I drove another hour or so to Reims. As part of my preparation for my trip, I had ordered a book from the French Amazon site called “Aires de Service”. These “aires” vary from road side stops to full on camping sites but all of them provide the weary motorist with a place to crash. There was an aire in Reims that was free and included Internet access so it seemed perfect, apart from the fact that I couldn’t find it! It was supposed to be just 1 kilometer from the city centre off of the highway. I did see an amazing cathedral way down one main road and I was about to press on but as I hopped back on the highway, I saw three or four campers and campervans in a parking lot of a stadium across the other side of the thoroughfare. Let’s check that out. I made my way back around and found the slightly treed lot that looked good apart from being close to the freeway.

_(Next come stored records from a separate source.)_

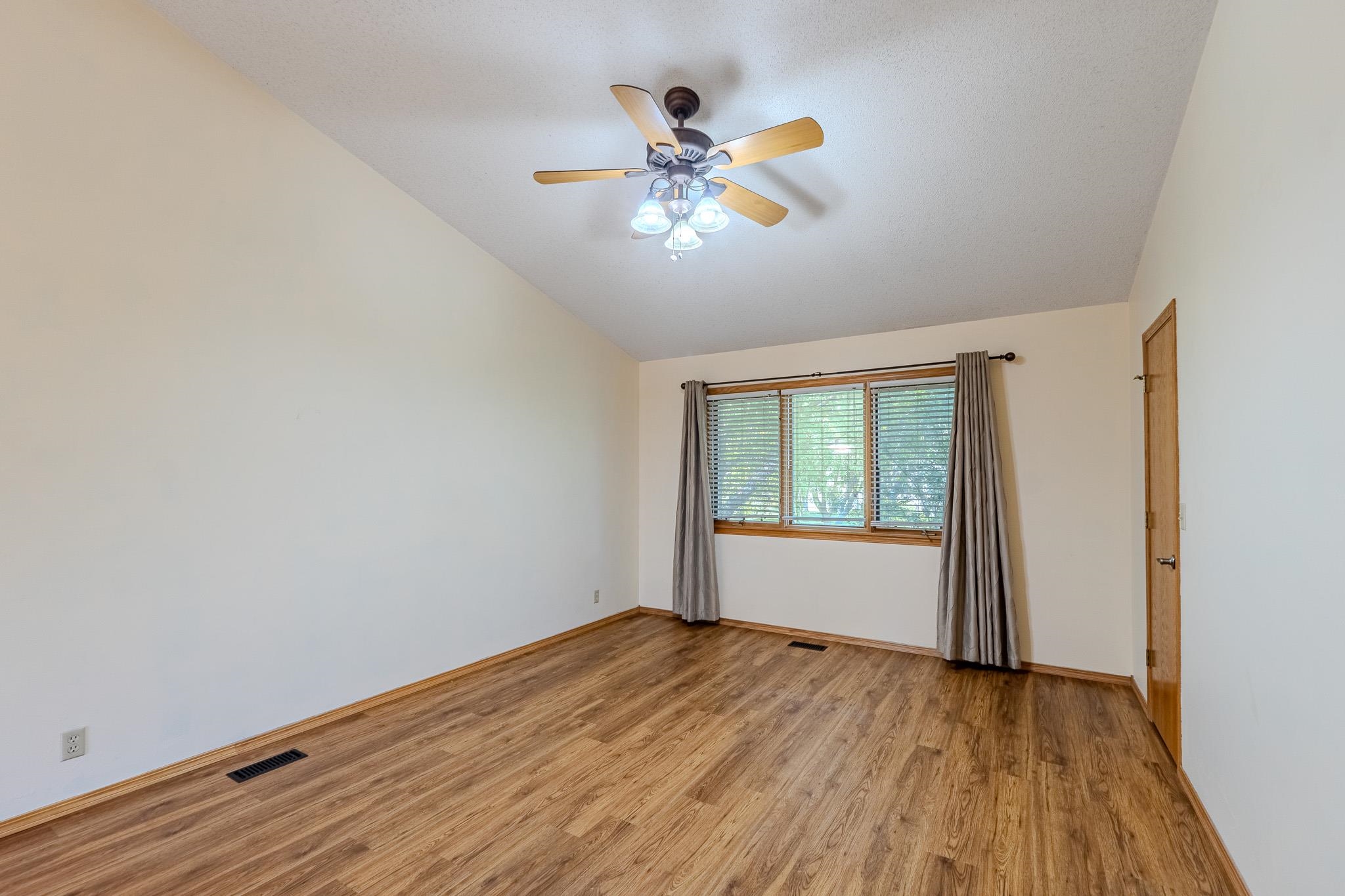 2413 N Watersedge Ct. Property Photo 13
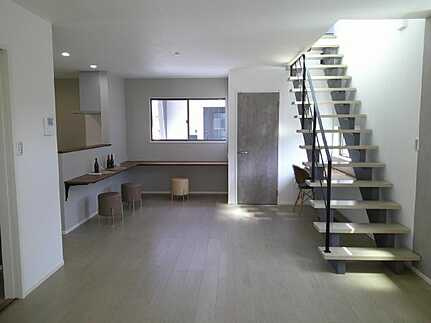 安芸郡熊野町中溝２丁目の居間・リビング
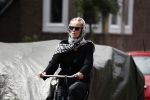 Amsterdam 18 juli 2017
Jette v d Meij met hoofddoek op de fiets in Amsterdam zuid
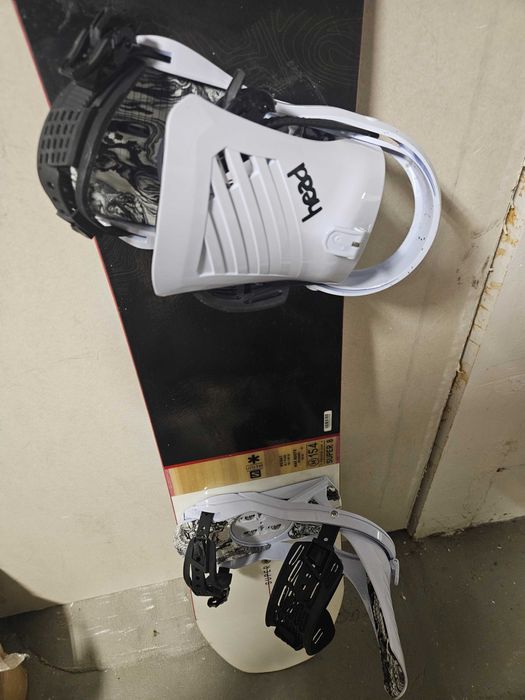 Deska snowboardowa Salomon 154cm 155cm z nowymi wiązaniami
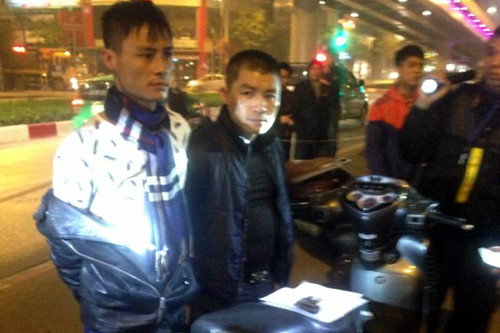 2 đối tượng mang theo súng bị tổ công tác 141 bắt giữ.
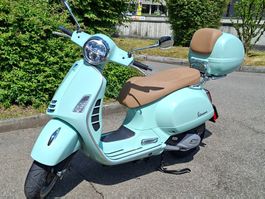 Piaggio Vespa GTS 125  - grün-met., Topcase, top Zustand!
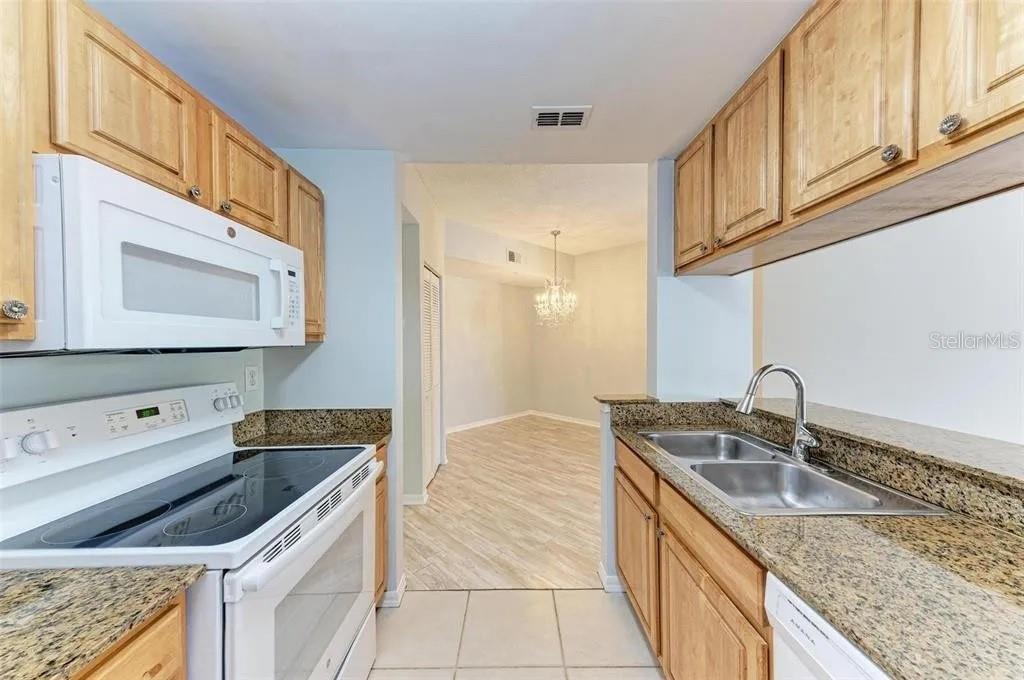 5552 BENTGRASS DR #7-203, SARASOTA, FL, 34235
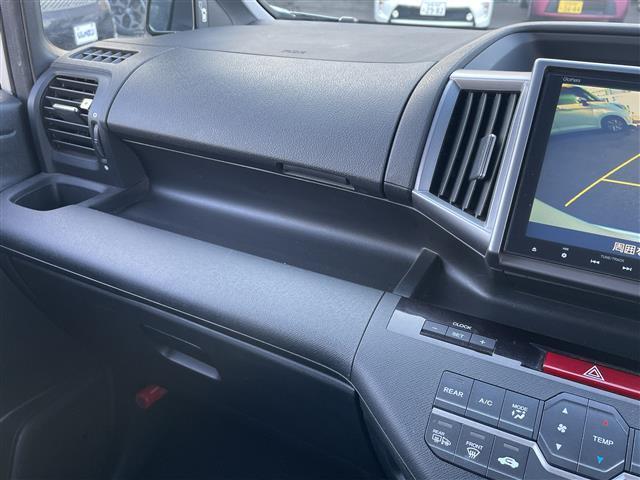 ステップワゴンスパーダ Ｚ　クールスピリット　禁煙車　フリップダウンモニター　専用１７インチアルミホイール　両側電動スライドドア　純正９インチナビ　フルセグ　ＢＴオーディオ　バックモニター　ビルトインＥＴＣ（37枚目）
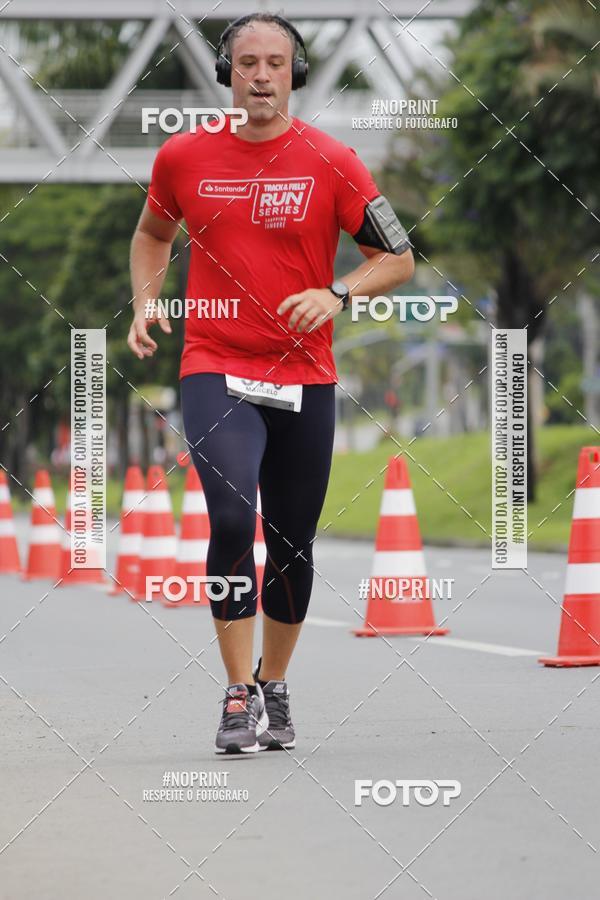 Buy your photos of the eventSantander Track & Field Run Series - Shopping Tambor on Fotop
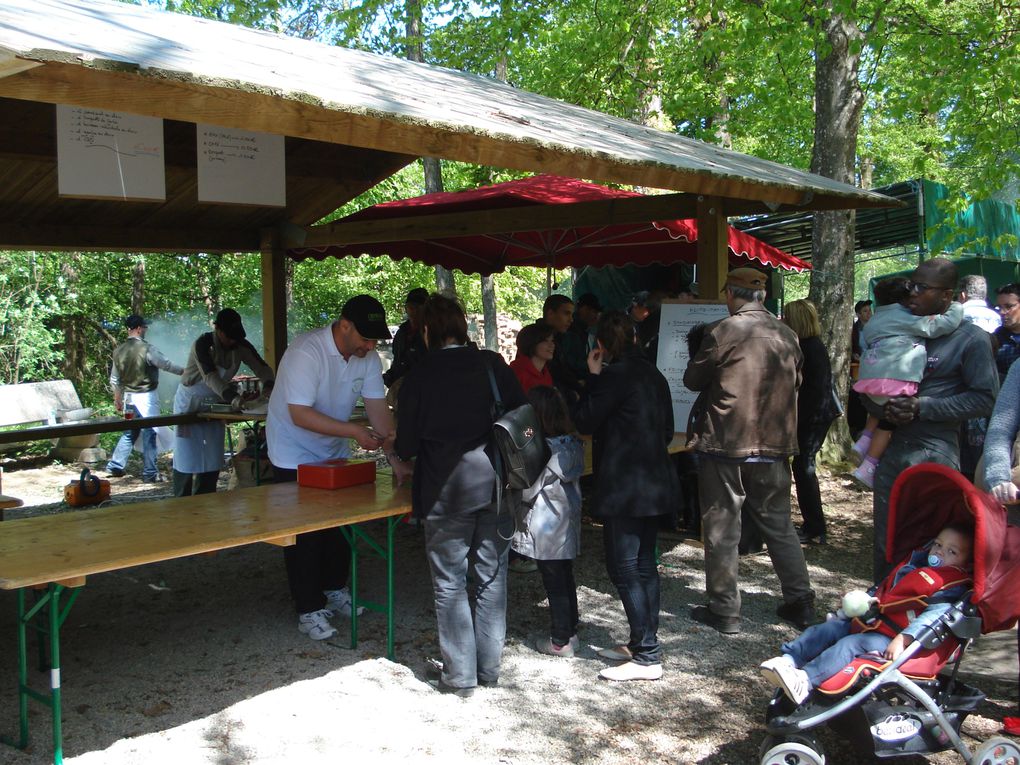 Album - Fête du muguet 2012 et son vide-grenier.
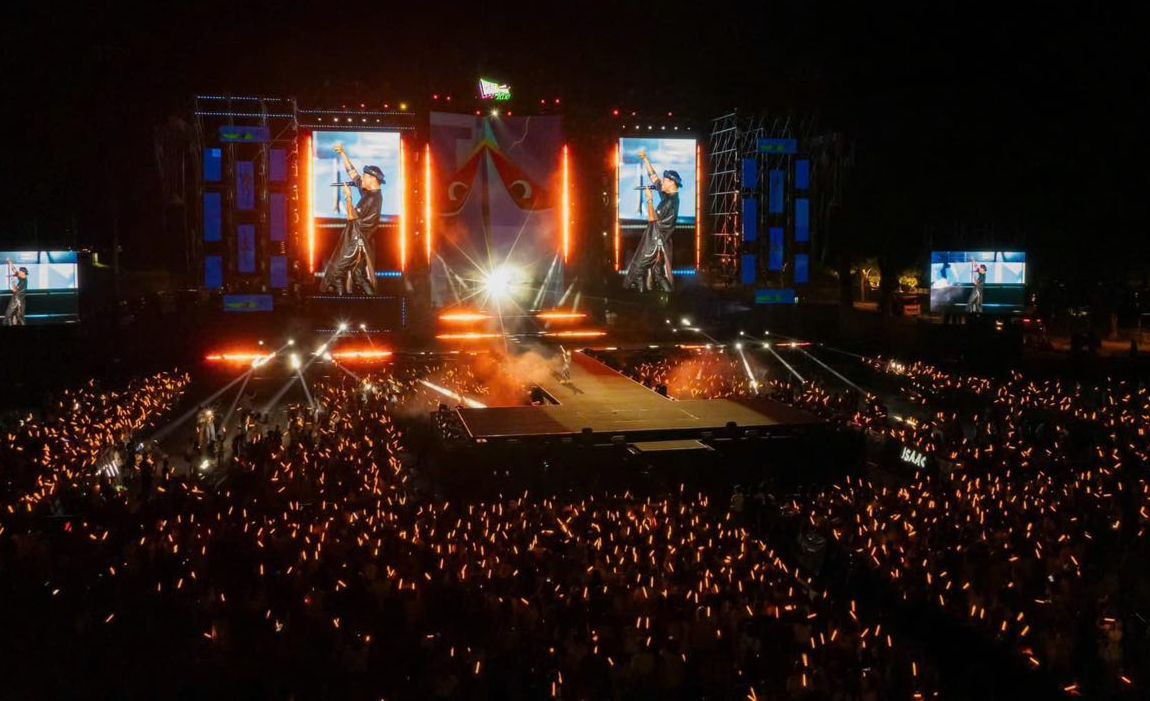 Tối 6/7, đại nhạc hội Mega Booming - Huế 2025 diễn ra tại Quảng trường Ngọ Môn. Chương trình có hơn 17 nghệ sĩ tham gia, thời lượng gần 5 tiếng.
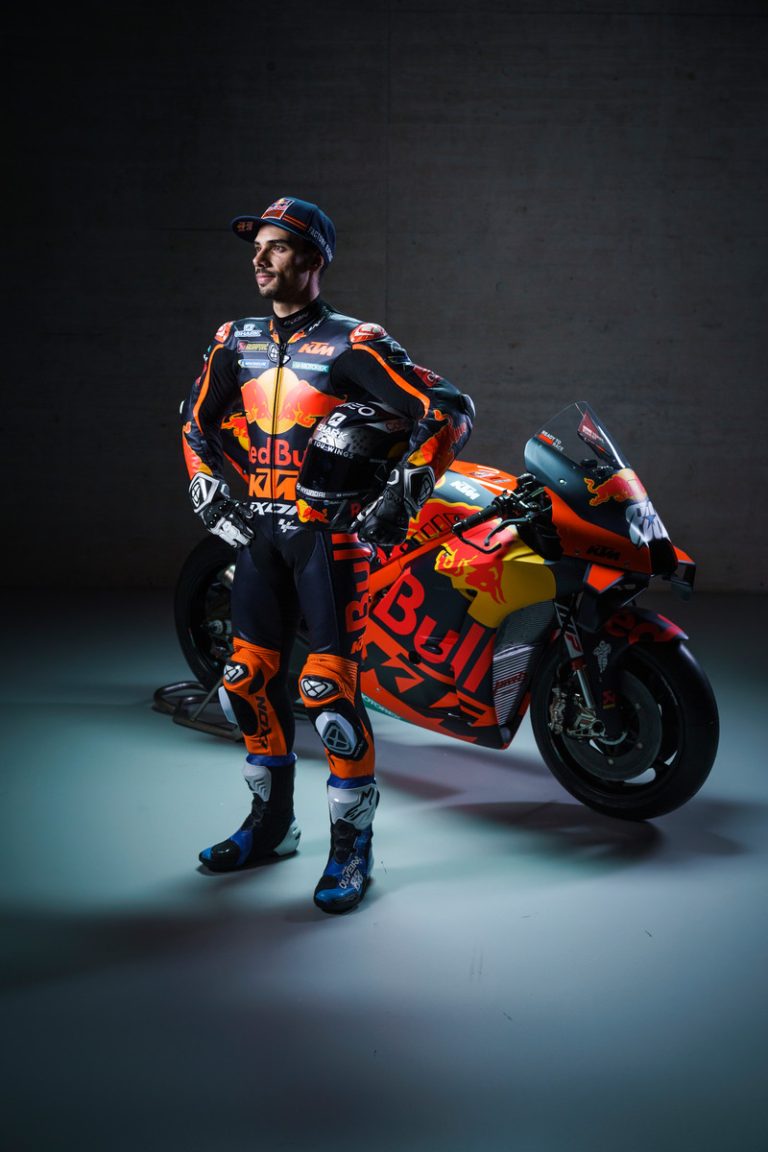 374150miguel-oliveira88red-bull-ktm-factory-racingmotogpteam-presentation2021-63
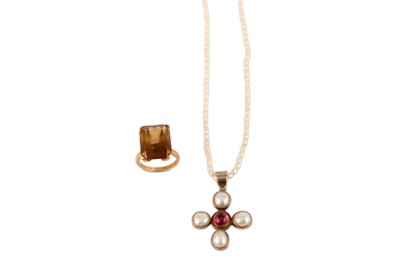 Lot 41 - A smoky quartz ring
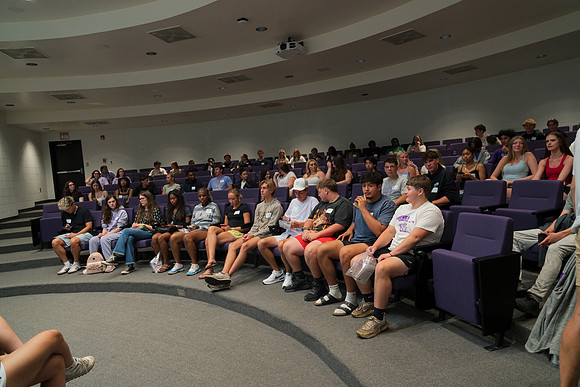 YHC_Orientation0180_1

I parked and decided to go for a walk to see the cathedral and try and find a place to watch the England football game.

On the corner before I turned onto the street where I saw the massive cathedral there was a little brasserie (cafe) and the wait staff were moving some tables and chairs inside so more clientele could watch a football game. I looked at the big screen and saw that the initials for the teams playing were “ALG” and “ANG”. Algeria versus Angola?!? Strange...oh, wait, it’s Angleterre dumb ass. There was some drumming originating from the cathedral area so I decided to first go check that out before returning for the game.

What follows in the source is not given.